Data records |
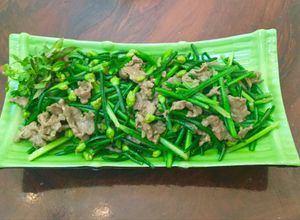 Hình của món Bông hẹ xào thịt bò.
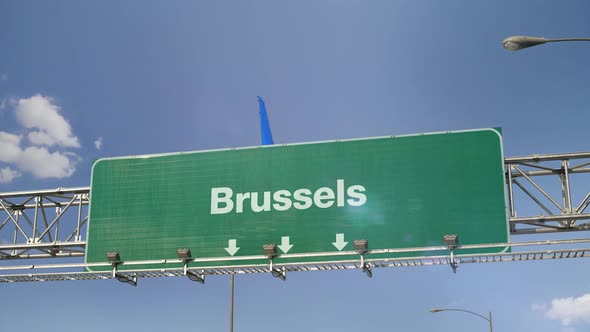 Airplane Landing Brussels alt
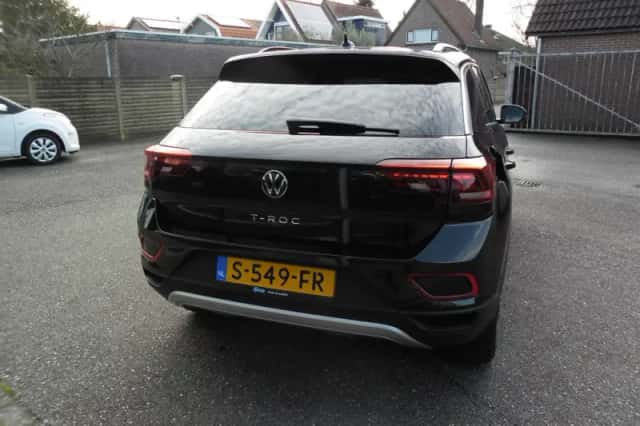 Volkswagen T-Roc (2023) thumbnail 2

---

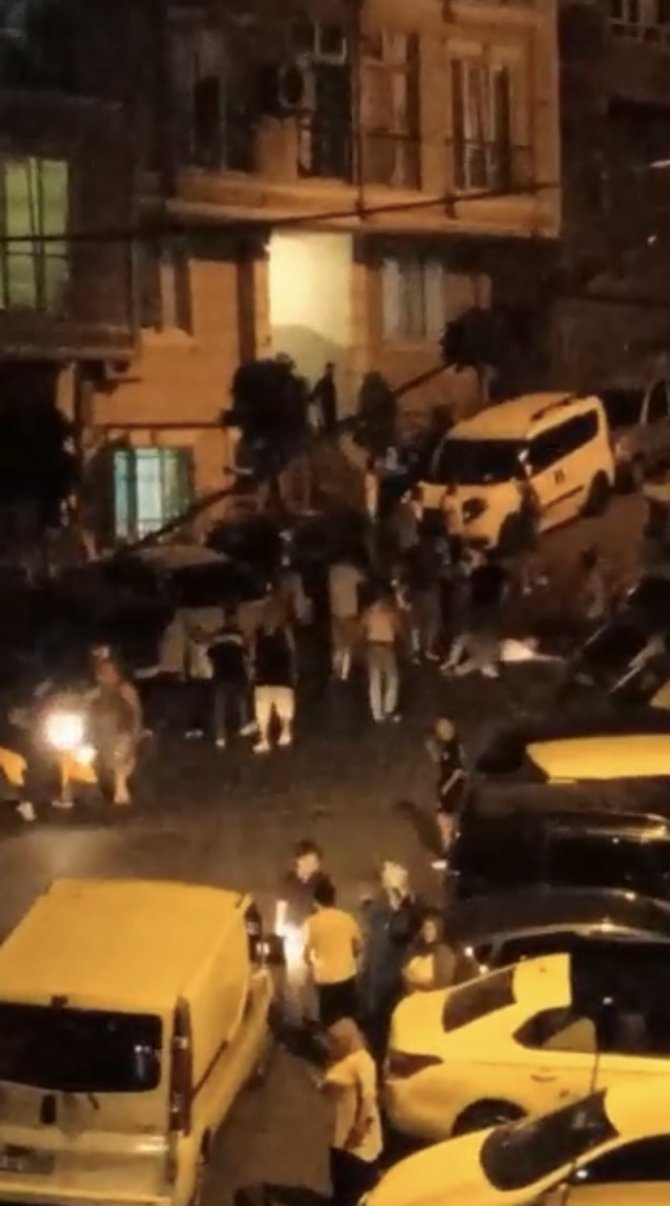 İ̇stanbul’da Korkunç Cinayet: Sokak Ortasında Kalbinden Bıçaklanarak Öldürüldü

--

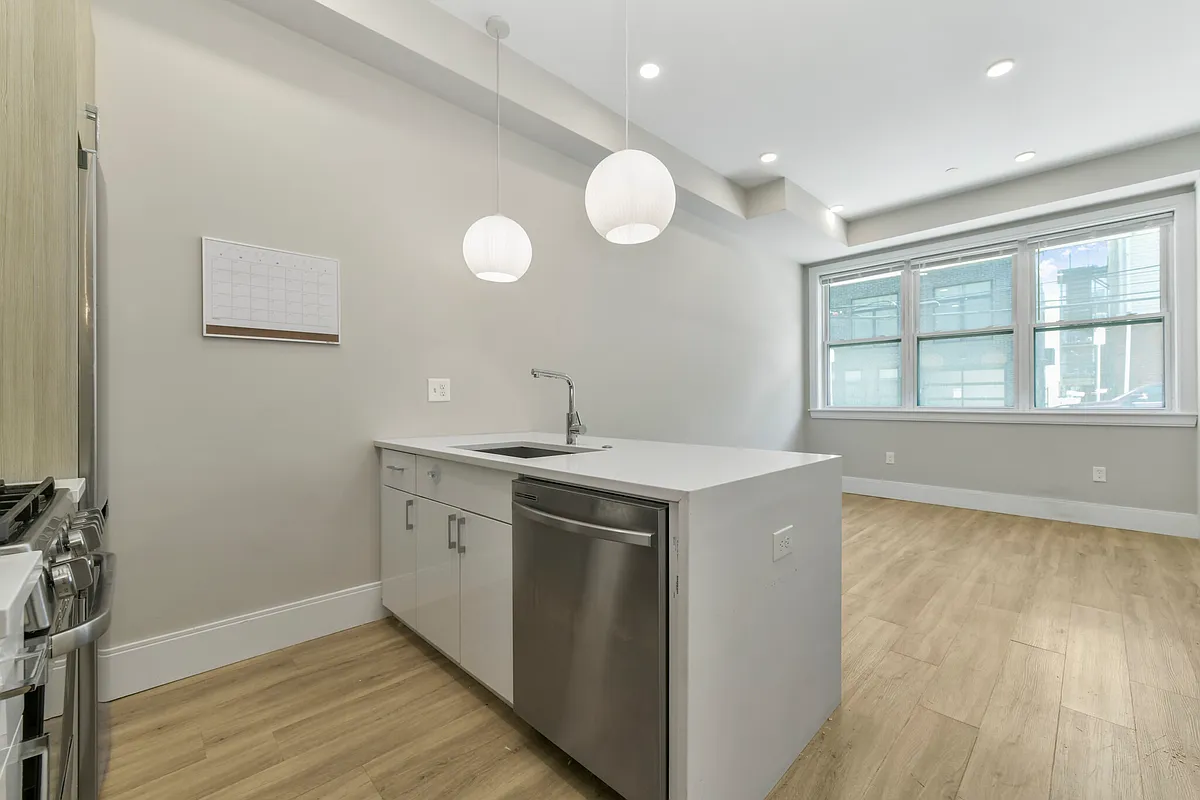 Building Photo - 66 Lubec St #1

What you should do | Using the data above, transcribe exactly the lines between those containing "Hình của món Bông hẹ xào thịt bò." and "Volkswagen T-Roc (2023) thumbnail 2", inclusive, and leave every picture behind.

Task response |
 Hình của món Bông hẹ xào thịt bò.
 Airplane Landing Brussels alt
 Volkswagen T-Roc (2023) thumbnail 2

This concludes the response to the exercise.